(Caption-style text data)
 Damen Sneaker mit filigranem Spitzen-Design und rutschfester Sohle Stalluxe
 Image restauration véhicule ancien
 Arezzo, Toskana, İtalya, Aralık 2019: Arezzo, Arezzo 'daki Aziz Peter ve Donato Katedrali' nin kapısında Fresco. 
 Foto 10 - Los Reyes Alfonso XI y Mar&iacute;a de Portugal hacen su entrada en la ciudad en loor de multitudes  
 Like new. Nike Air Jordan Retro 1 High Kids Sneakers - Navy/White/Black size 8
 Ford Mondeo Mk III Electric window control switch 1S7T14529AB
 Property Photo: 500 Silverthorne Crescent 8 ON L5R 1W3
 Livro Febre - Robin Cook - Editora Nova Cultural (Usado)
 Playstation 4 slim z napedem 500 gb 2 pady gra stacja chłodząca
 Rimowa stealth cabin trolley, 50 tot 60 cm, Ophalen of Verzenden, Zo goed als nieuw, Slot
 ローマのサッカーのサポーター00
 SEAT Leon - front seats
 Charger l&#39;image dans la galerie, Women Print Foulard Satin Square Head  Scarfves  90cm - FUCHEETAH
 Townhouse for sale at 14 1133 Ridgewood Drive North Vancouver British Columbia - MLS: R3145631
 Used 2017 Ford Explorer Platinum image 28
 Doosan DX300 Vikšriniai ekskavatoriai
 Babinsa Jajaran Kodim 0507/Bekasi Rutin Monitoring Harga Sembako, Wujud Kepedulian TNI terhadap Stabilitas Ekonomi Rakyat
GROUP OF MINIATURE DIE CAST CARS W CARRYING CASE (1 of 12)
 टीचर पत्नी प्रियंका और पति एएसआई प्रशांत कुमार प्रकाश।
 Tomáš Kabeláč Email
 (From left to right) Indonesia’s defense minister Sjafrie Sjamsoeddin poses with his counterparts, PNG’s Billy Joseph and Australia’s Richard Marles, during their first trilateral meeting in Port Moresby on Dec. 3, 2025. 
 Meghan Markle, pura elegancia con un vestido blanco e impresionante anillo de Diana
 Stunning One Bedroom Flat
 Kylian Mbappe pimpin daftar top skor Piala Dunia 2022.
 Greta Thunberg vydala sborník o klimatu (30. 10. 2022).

Activity: Look above for the line with "Arezzo, Toskana, İtalya, Aralık" and the line with "Foto 10 - Los"; transcribe both and all lines in between, exactly, and nothing else.

Response for this exercise:
 Arezzo, Toskana, İtalya, Aralık 2019: Arezzo, Arezzo 'daki Aziz Peter ve Donato Katedrali' nin kapısında Fresco. 
 Foto 10 - Los Reyes Alfonso XI y Mar&iacute;a de Portugal hacen su entrada en la ciudad en loor de multitudes  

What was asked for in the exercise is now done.